It is not enough that honest men are appointed Judges. All know the influence of interest on the mind of man, and how unconsciously his judgment is warped by that influence. To this bias, we add that of esprit de corps, of their peculiar maxim and creed that “it is the office of a good Judge to enlarge his jurisdiction” … I repeat that I do not charge the Judges with wilful and ill-intentioned error, but honest error must be arrested, where its toleration leads to public ruin … so judges should be removed from their bench, whose erroneous biases are leading us to dissolution.
Autobiography, 1821
Taken from Koch & Peden’s Life & Selected Writings of Thomas Jefferson, P. 78-79

Patrick Lee’s Explanation
Realistic leaders know that even honest people must be held accountable.
Jefferson had been concerned for years that federal judges had no check on their authority.

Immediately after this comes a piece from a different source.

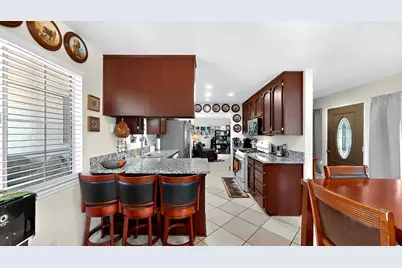 2140 Rochelle Avenue, Turlock, CA 95382 - Photo 9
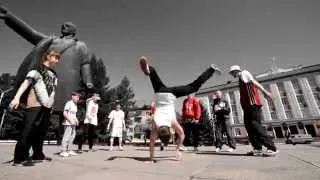 Breake dancing at Lenin monument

They were appointed for life. Even honest men could be drawn astray. Unlike members of Congress and the President who were accountable to the voters, judges had no such limitation on their authority. They could be impeached, but several instances had convinced Jefferson that impeachment provisions were toothless.

In order to keep an honest man honest (a judge or any other person), he must be held accountable in a realistic and practical manner. While affirming the judiciary and its practitioners in general, he wanted a way to remove judges who got carried away with personal or political interests that threatened the republic.